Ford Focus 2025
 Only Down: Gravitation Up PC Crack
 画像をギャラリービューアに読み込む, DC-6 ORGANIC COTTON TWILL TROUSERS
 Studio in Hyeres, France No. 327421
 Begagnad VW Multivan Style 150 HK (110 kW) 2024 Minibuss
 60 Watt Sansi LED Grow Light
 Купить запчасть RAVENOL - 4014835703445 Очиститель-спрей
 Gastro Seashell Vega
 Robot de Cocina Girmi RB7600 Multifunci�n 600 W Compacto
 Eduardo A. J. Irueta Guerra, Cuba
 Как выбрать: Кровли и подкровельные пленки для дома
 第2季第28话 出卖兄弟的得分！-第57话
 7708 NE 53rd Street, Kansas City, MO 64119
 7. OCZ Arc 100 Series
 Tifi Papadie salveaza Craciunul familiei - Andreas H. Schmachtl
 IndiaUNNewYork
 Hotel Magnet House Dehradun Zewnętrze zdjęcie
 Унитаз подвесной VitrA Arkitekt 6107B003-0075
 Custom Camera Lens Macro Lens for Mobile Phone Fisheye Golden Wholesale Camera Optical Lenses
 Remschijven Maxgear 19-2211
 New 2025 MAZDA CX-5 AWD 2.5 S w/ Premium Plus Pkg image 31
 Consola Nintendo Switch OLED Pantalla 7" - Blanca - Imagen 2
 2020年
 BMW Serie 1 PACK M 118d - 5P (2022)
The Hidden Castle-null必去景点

┄┄┄┄┄┄

_Work to complete:_ What's needed is every line of the listing, transcribed word for word.

_Exercise solution:_
Ford Focus 2025
 Only Down: Gravitation Up PC Crack
 画像をギャラリービューアに読み込む, DC-6 ORGANIC COTTON TWILL TROUSERS
 Studio in Hyeres, France No. 327421
 Begagnad VW Multivan Style 150 HK (110 kW) 2024 Minibuss
 60 Watt Sansi LED Grow Light
 Купить запчасть RAVENOL - 4014835703445 Очиститель-спрей
 Gastro Seashell Vega
 Robot de Cocina Girmi RB7600 Multifunci�n 600 W Compacto
 Eduardo A. J. Irueta Guerra, Cuba
 Как выбрать: Кровли и подкровельные пленки для дома
 第2季第28话 出卖兄弟的得分！-第57话
 7708 NE 53rd Street, Kansas City, MO 64119
 7. OCZ Arc 100 Series
 Tifi Papadie salveaza Craciunul familiei - Andreas H. Schmachtl
 IndiaUNNewYork
 Hotel Magnet House Dehradun Zewnętrze zdjęcie
 Унитаз подвесной VitrA Arkitekt 6107B003-0075
 Custom Camera Lens Macro Lens for Mobile Phone Fisheye Golden Wholesale Camera Optical Lenses
 Remschijven Maxgear 19-2211
 New 2025 MAZDA CX-5 AWD 2.5 S w/ Premium Plus Pkg image 31
 Consola Nintendo Switch OLED Pantalla 7" - Blanca - Imagen 2
 2020年
 BMW Serie 1 PACK M 118d - 5P (2022)
The Hidden Castle-null必去景点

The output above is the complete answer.